It's at this time of year that suicide rates among the homeless are at their highest. It helps the system which works against us to reduce their burden of numbers of people they won't help.

I may check into Winter Shelter again this year. I made a lot of friends there last year; mainly males of a certain age - like me - who are classed as low risk and therefore receive no help. I know that at least three of them won't be there this year: one was murdered and two took their own lives, through depression and frustration. I may join them yet.

Other losses were of my own making, I admit.

"I need a moment to reflect, on the friendships I have wrecked..."

(Madness again)

I might help in a kitchen at Crisis or Shelter. Business is partly about referrals and giving things away. I don't have much but what I have, I will give. Maybe I'll get something back. But I expect nothing in return; I don't give to receive.

Have I changed? I believe so. For the better? Others will judge. I feel better about certain things in life and remain remorseful over others. Perhaps one day those who've not already found it within themselves to forgive me for what they perceived to be wrong, may actually find it.

I'm a person. I'm a trying person. People buy from people, so if the business does indeed take off, who is this person that people will be buying from?

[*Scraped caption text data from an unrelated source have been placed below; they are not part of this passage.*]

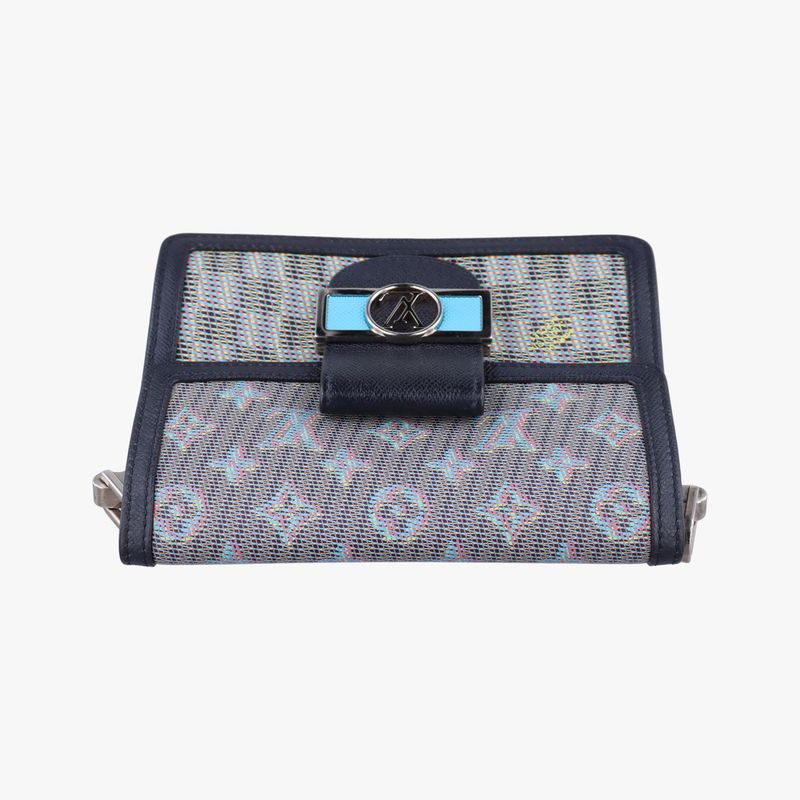 Louis Vuitton Dauphine MINI Navy And Multicolor Leather M55454 Fo2109 IC Chip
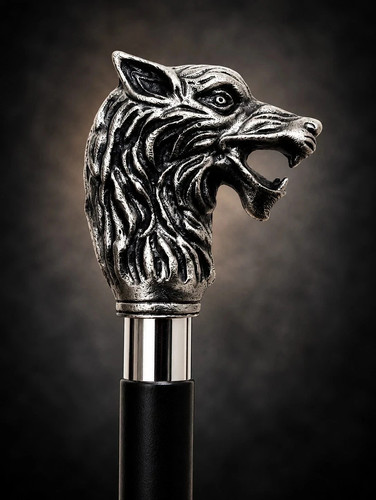 Luxury wolf head walking stick - head,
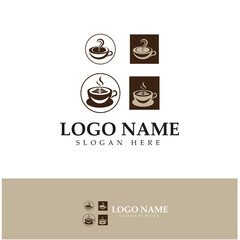 Coffee cup,coffee bean,coffee farm logo Template vector icon illustration  design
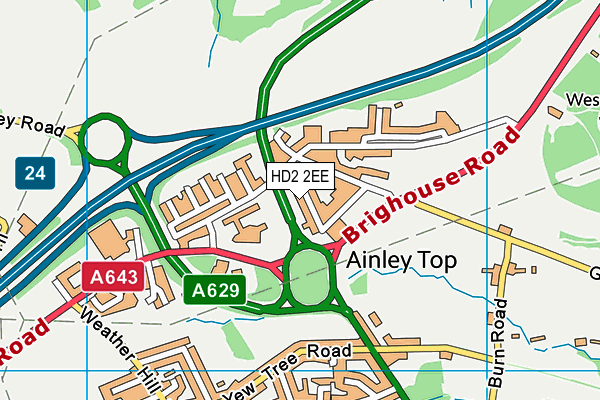 HD2 2EE map - OS VectorMap District (Ordnance Survey)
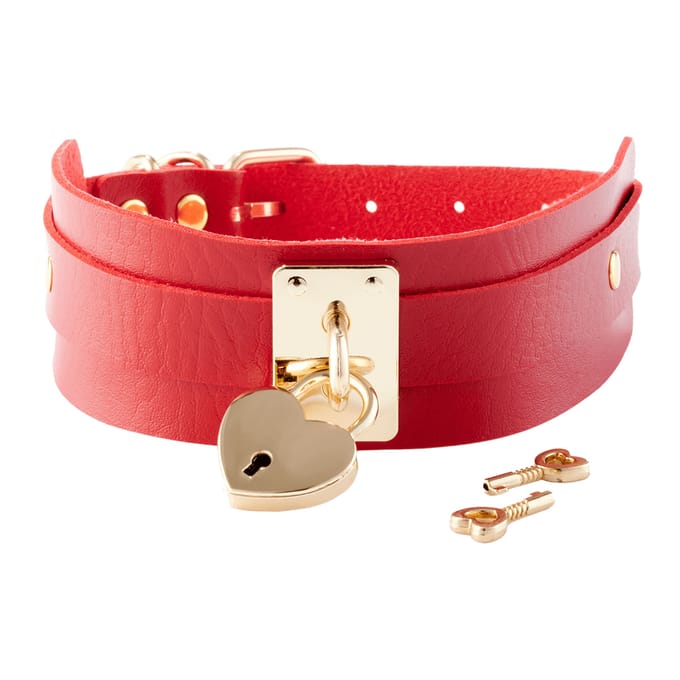 Kinky Diva – Hartvormige Collar met slot en sleutel - Rood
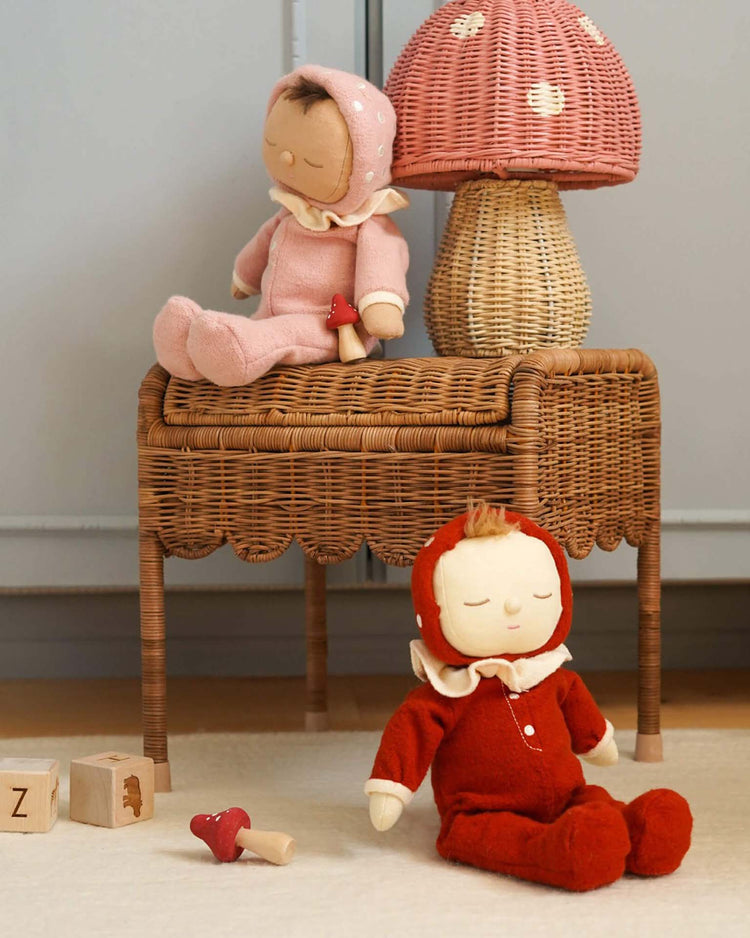 Little olli ella play dozy dinkum toadstool moppet in red
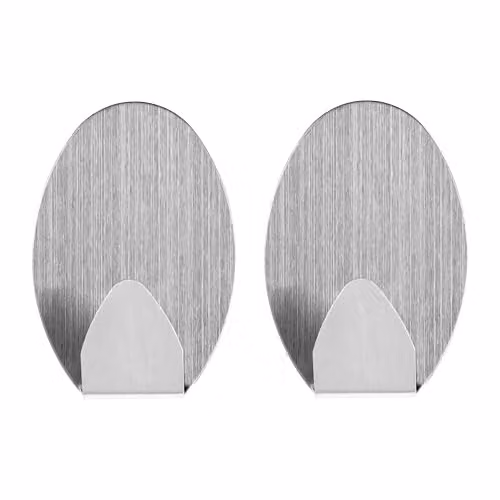 Chef Aid Stainless Steel Self Adhesive Wall Hooks in Silver – 1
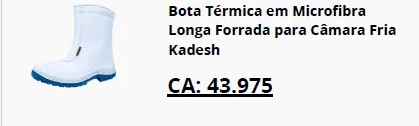 Bota térmica longa para câmara fria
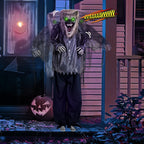Haunt & Co 7FT Halloween Animatronic Werewolf w/ Werewolf Barking Sound The Sound Activated Halloween Prop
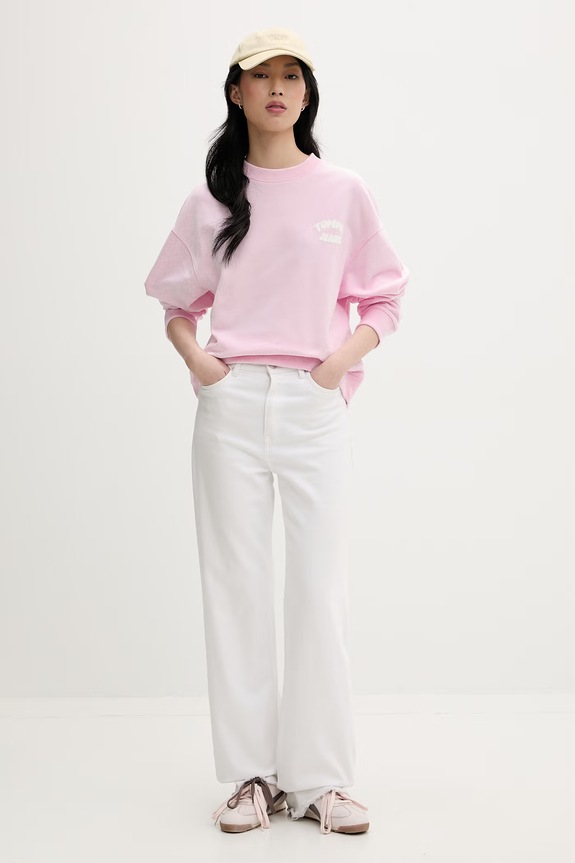 Tommy Jeans bluza damska bawełniana DW0DW22366 różowy SS26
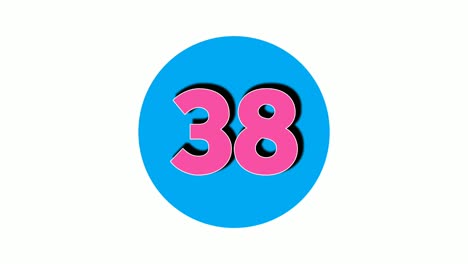 number 38 thirty eight sign symbol animation motion graphics on white background,4k cartoon video number for video elements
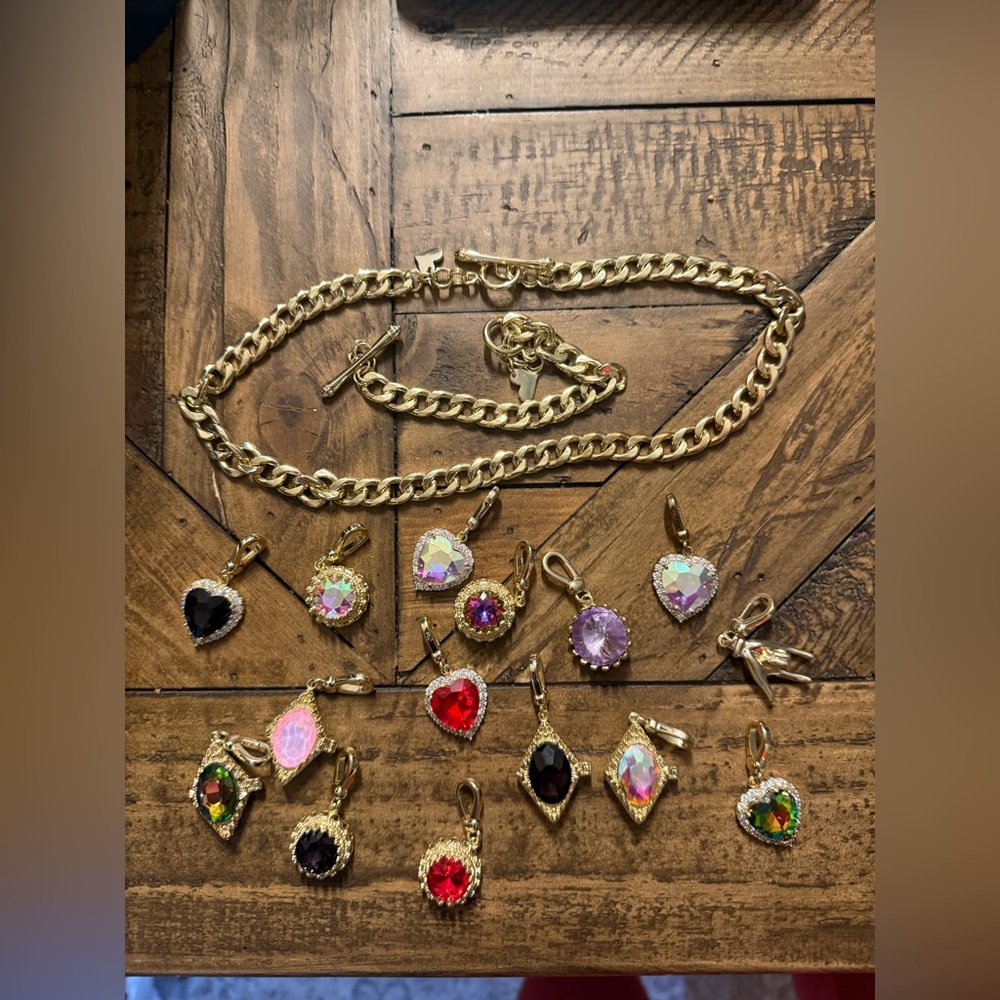 Feed Me Gems Charm Necklace and Charm Bracelet w 15 charms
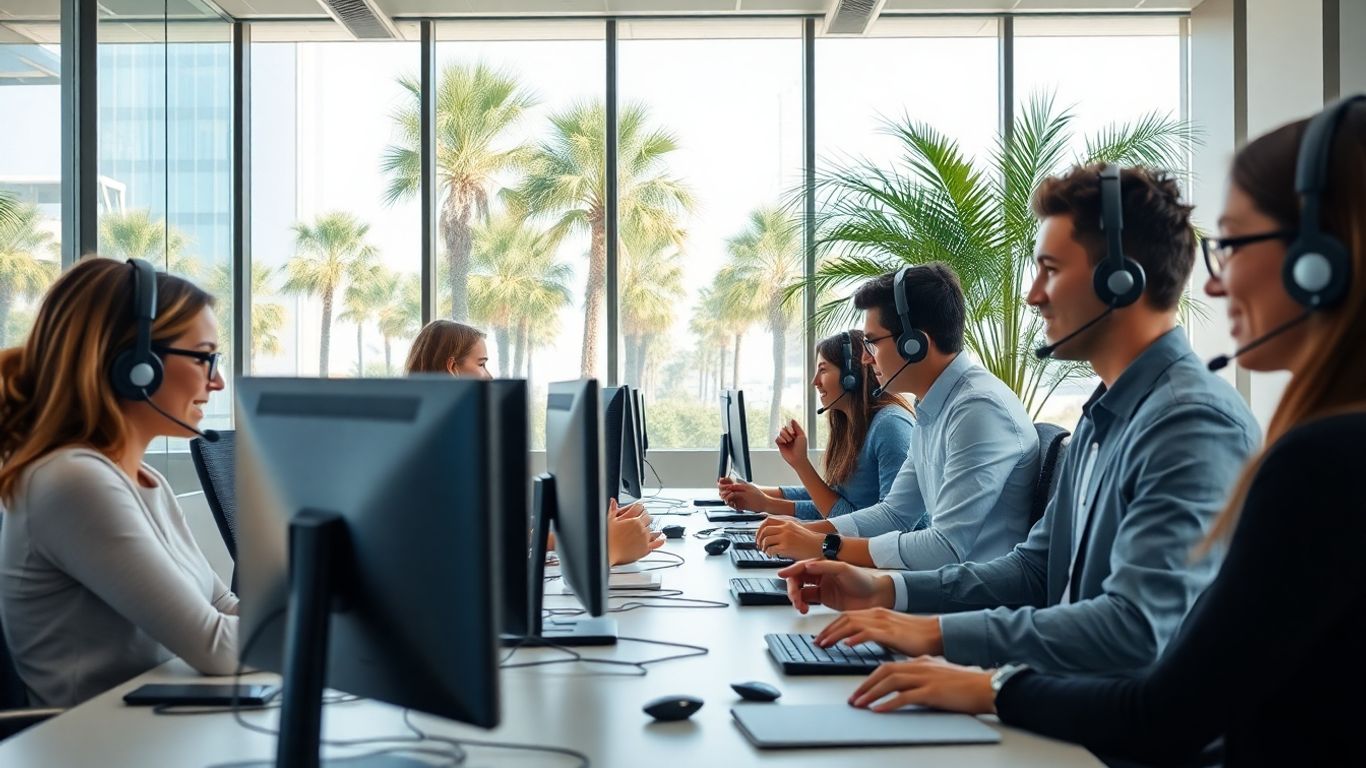 Modern call center team working in sunny Tampa office.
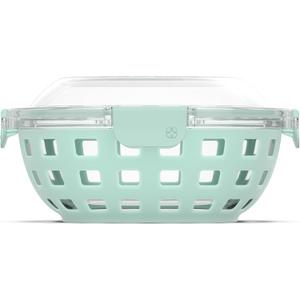Ello Duraglass Meal Prep Lunch Bowl Container, 5 cup- Glass Food Storage Container with Silicone Sleeve and Airtight BPA-Free Plastic Lid, Dishwasher, Microwave, and Freezer Safe (Yucca)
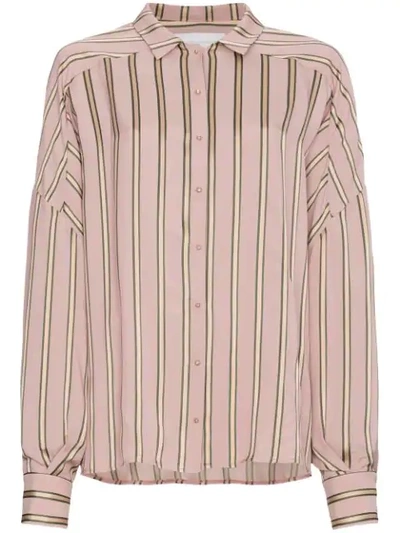 Esteban Cortazar Volume Oversized Striped Satin Shirt In Pink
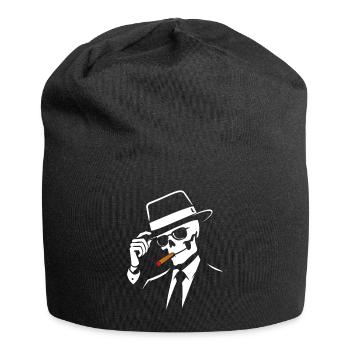 Noir-Skelett mit Fedora und Zigarre - Jersey-Beanie - Schwarz - Vorne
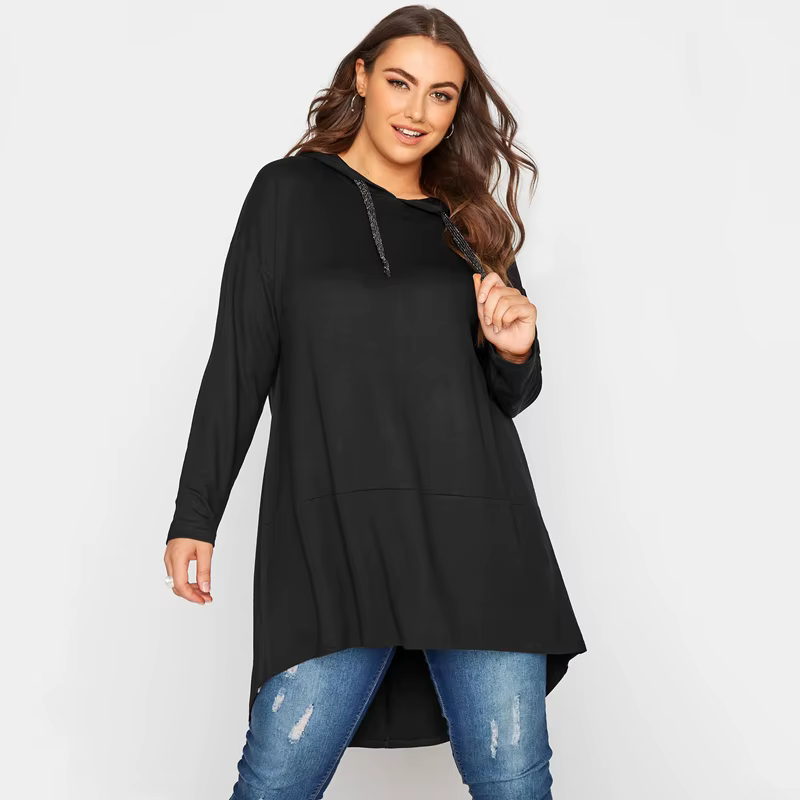 Femmes à manches longues grande taille tunique à capuche cordons amples salut bas trempé sweat à cap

I could go back out in the world and deny everything I've done. I could pretend; I could act; I could lie. But I don't do that, honest. I have a past that I'm not proud of and although we all have baggage which should be left at the door (forgive and forget), I carry mine like a life's burden; a self-imposed life sentence to make amends within myself for what I've done. I don't deny nor hide my past. People will have to deal with the person. That's why I've not separated the business from this personal blog. People then know who they're dealing with and either trust me or don't. Those who judge wrongly are those I'd never want as customers anyway.

So who are these customers dealing with? An ex-con? A recovering alcoholic? Or perhaps someone who made mistakes, fell on hard times but didn't give up? A reformed character maybe? Someone who picked up the pieces and tried again: maybe someone worth taking a gamble on and placing some faith in?

Tomorrow will tell. Tomorrow is yet another day. Despite the last ten months, I maintain my faith.

La Folie.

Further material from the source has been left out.